At The New Ledger, Francis Cianfrocca analyzes the shifts currently happening in information technology and their potential ramifications on the rest of our lives. He writes:
What happens in the traditional economy? It’s still going to be just as capital-constrained as ever. Information is going to start moving faster, more fluidly, and less expensively than ordinary physical transport. As much as Americans have a car-loving culture, we’re going to start driving less and being less mobile overall. Nothing, but nothing, could be more wasteful and useless than the massive infrastructure investments that Democrats push as the salvation of the economy.
Ironically, food production and distribution will start getting more difficult as everything else gets easier. Artisan farming, particularly in proximity to large cities, will make a comeback.
Cianfrocca doesn't go all the way toward predicting the return of agrarianism, of course.

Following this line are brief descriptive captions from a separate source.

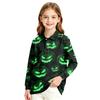 Girls' school uniform top - Halloween printed long-sleeved casual formal dress shirt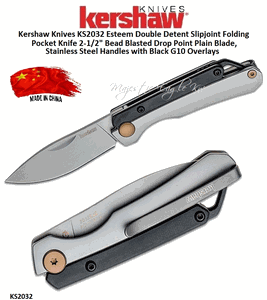 Kershaw Knives KS2032 Esteem Double Detent Slipjoint Folding Pocket Knife 2-1/2" Bead Blasted Drop Point Plain Blade, Stainless Steel Handles with Black G10 Overlays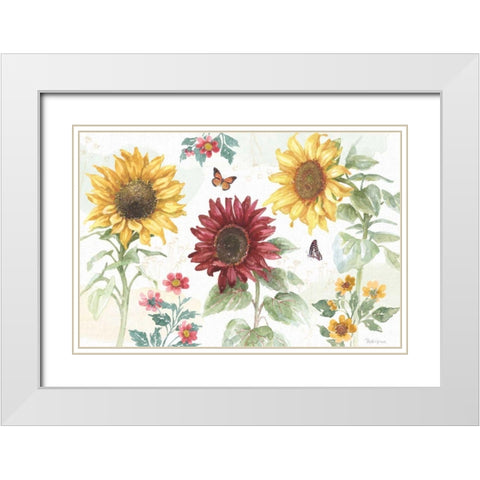 Sunflower Splendor IV White Modern Wood Framed Art Print with Double Matting by Grove, Beth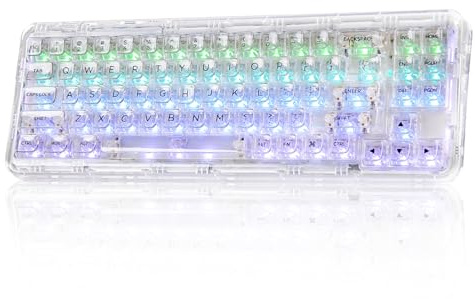 YUNZII X71 tastiera meccanica trasparente con i tappi chiari, BT5.0/2.4G/USB-C Wired Gaming Keyboard 68% Layout, guarnizione montare tastiera RGB senza fili per Win/Mac (Crystal Ice Switch, bianco)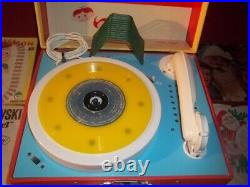 1960s Vanity Fair 601 Children's Vinyl Record Player 45/78 With9 Records & Box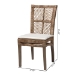 bali & pari Laluna Modern Bohemian Greywashed Natural Rattan and Mahogany Dining Chair with Cushion - BSOLaluna-Grey Natural Rattan-DC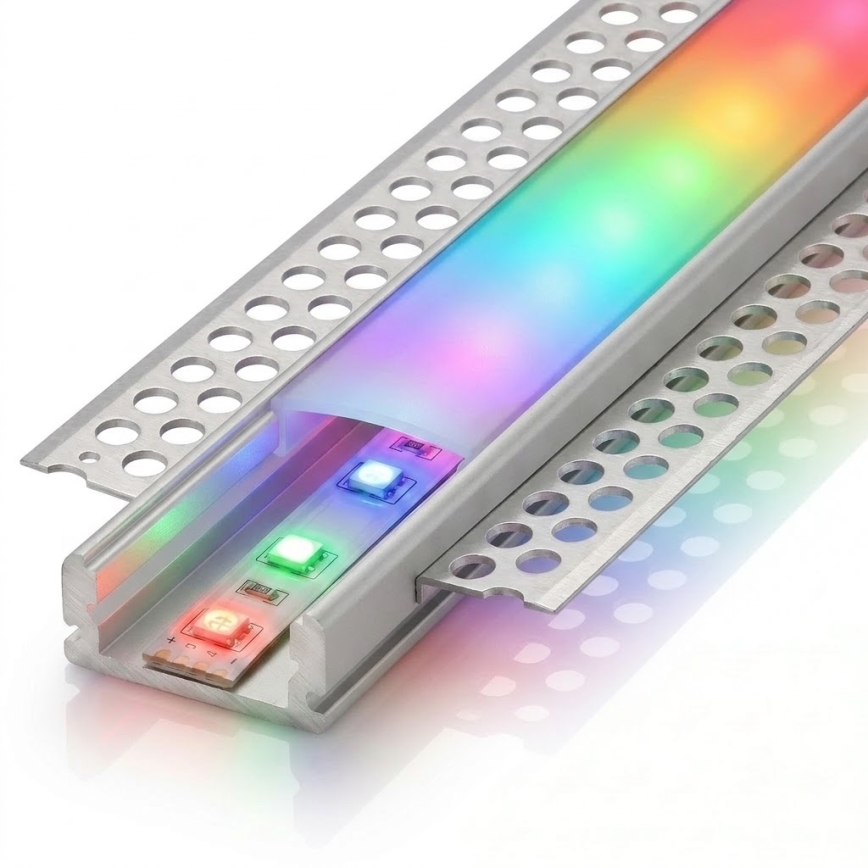 Set 1x LED RGBW dimbar remsa DIGITAL LED/16,5W/230V 5 m + 5x inbyggnadsprofil 1 m silver/vit + fjärrkontroll
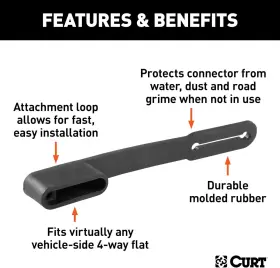 58201 Curt Manufacturing Vehicle-side 4-pin Flat Trailer Wiring Harness Connector Dust Cover #3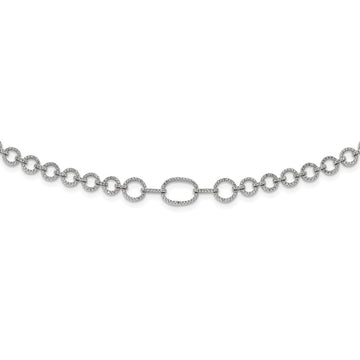 Sterling Silver Rhodium-plated Polished CZ Fancy Link w/3 in ext. Necklace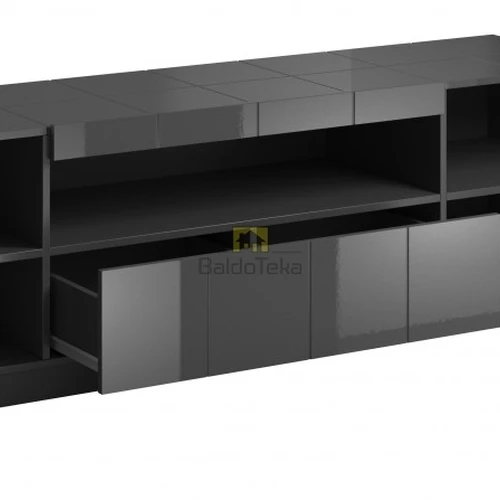 TV spinta MDF, grafit blizgi, su apšvietimo galimybe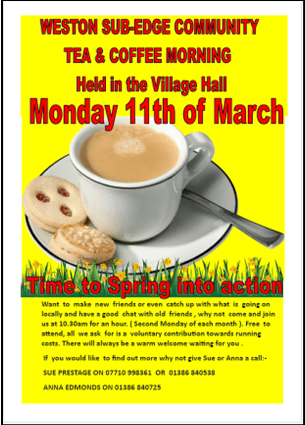 WSE Community Tea & Coffee Morning Poster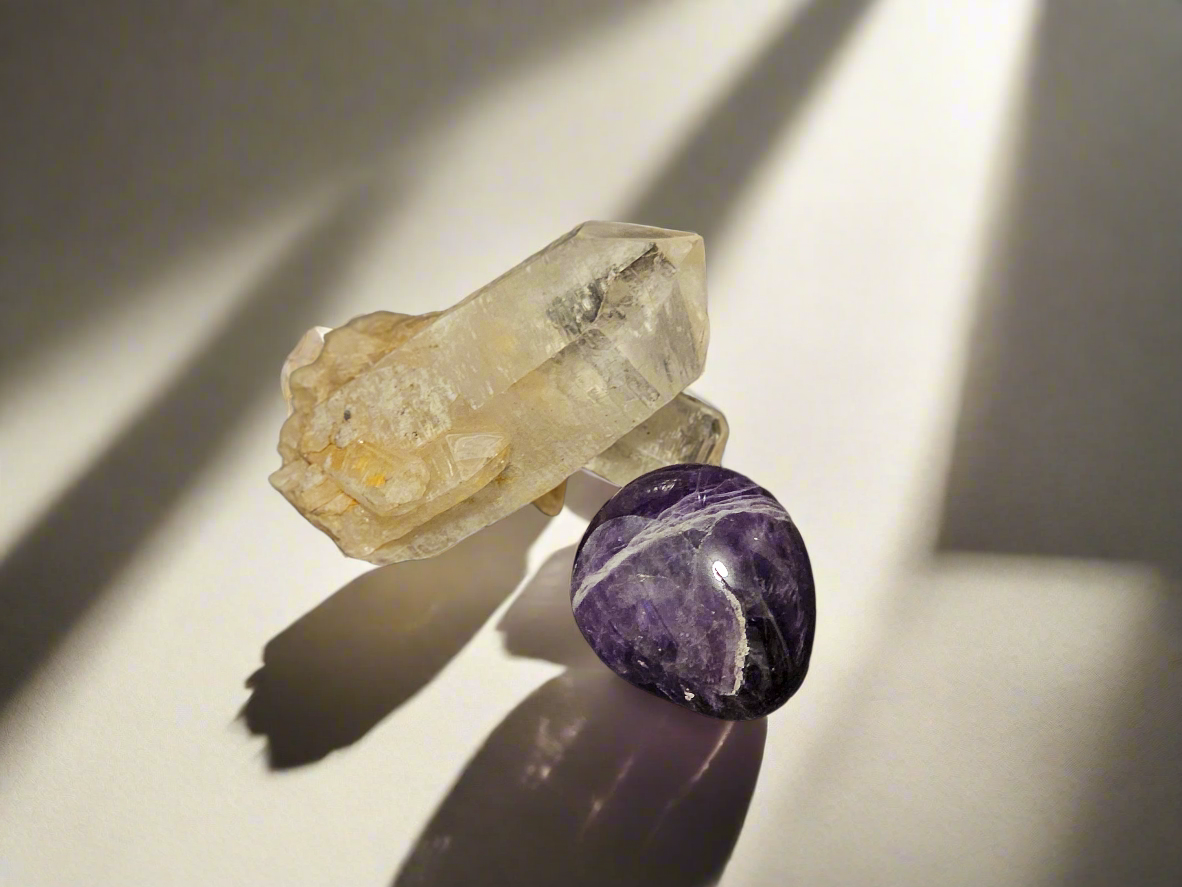 Tumbled Amethyst with Raw Quartz cluster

Decreased mobility doesn't mean agrarianism per se, nor does the rise of artisan foods as a response to higher food prices. And I suspect such steps won't eliminate the need for corporate farming altogether.
But the reduced mobility of this new economy strikes me as a middle way between the Front Porchers and the PoMoCons.
Technological advances like telecommuting allow members of society to return their homes to economic centers. Those who enjoy that luxury--and their tribe is increasing rapidly--happily enjoy the fruits of modernity, contribute to global companies, and do it from their living rooms.
There's more to the debate than that, of course. There are questions about the nature of work and about the sustainability of the contemporary economy.
But in this case, the consumer economy (with respect to technology) has stepped in to push new solutions to the problems created by corporations forward. Cianfrocca's point about how much consumers know about IP addresses, etc. is an interesting one: the movement toward connectivity hasn't been lead by corporate America.
And it turns out that our consumption of technology favors localist ties, not the sort of international connections that we all presumed they would bring about. The largest social network in the world is the one that depends upon, and deepens, the ties we have to our local communities. As the technology improves, people realize they can spend more time at home with their families, a good that would have been impossible before.
A technocracy creates enormous problems, then perpetuates itself by setting about solving them. And there is always a middle ground, where the problems are so numerous and weighty that they endanger the health of the system. But if Cianfrocca is right, the troubles that have driven the Front Porchers to look for new solutions may be mitigated by the source of those troubles themselves.
Such is the inescapable double-edged sword of technology, and of living in a technocracy.
Update: Francis sends over this brief response.
Wendell Berry comes up often enough that I ought to learn something about him.
I'm totally torn on one point. Does the information economy mean that everyone will migrate to large cities (a movement that does seem to be in effect in many parts of the world)? Or does it make it possible for so many people to work at home that they'll spread out more than ever?
But the rise of the information economy may be an effect rather than a cause. The cause could be the capital starvation that now has the world firmly in its grip almost everywhere but China. That's why mobility will decrease: because we don't produce enough value and we don't generate enough energy to make transport as efficient as it has been in the past. The information economy grows up as a substitute for a goods-based economy.
This interpretation would be confirmed if the movement to cities continues.